SUPPLIED INFORMATION:
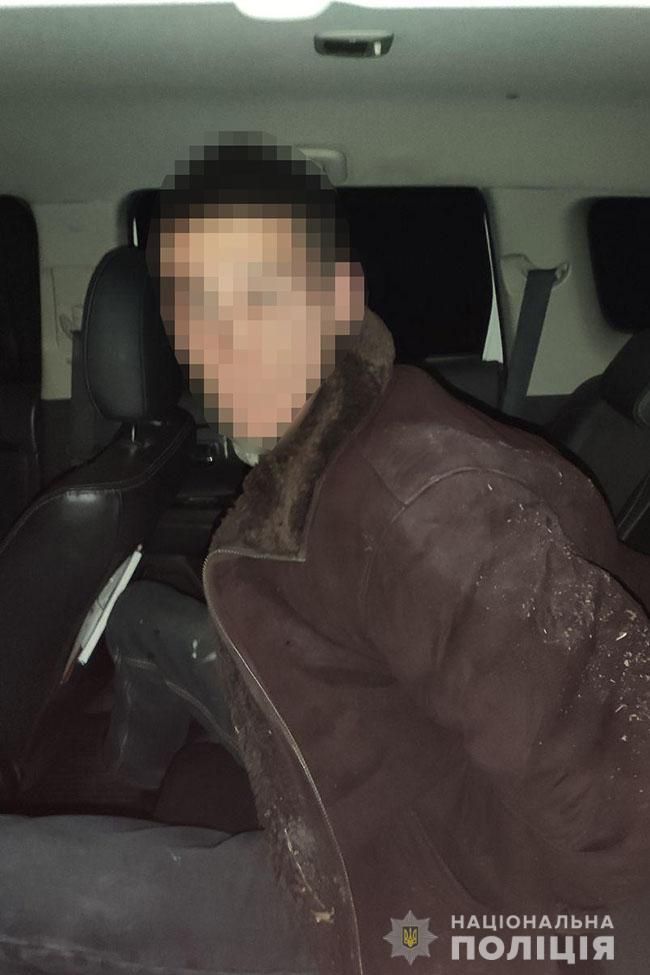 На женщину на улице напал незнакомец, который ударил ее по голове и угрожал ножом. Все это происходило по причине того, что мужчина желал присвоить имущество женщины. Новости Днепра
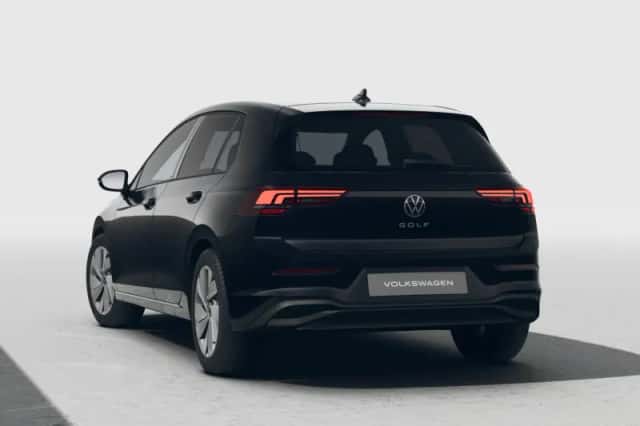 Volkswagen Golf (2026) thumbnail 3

---

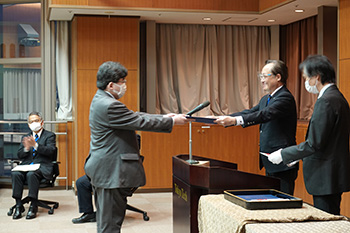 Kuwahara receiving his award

==

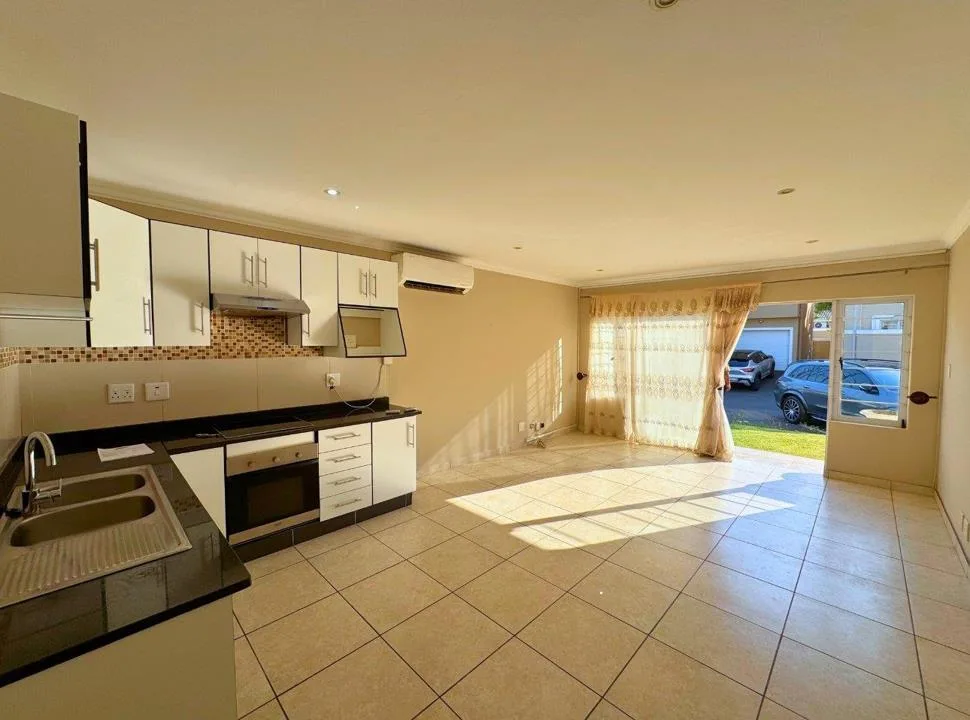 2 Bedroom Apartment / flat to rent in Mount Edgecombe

EXERCISE REQUIREMENTS: From the line with "На женщину на" up to and including the line with "Volkswagen Golf (2026) thumbnail 3" above, retype every line exactly and nothing more; leave out the pictures.

EXERCISE RESULT:
 На женщину на улице напал незнакомец, который ударил ее по голове и угрожал ножом. Все это происходило по причине того, что мужчина желал присвоить имущество женщины. Новости Днепра
 Volkswagen Golf (2026) thumbnail 3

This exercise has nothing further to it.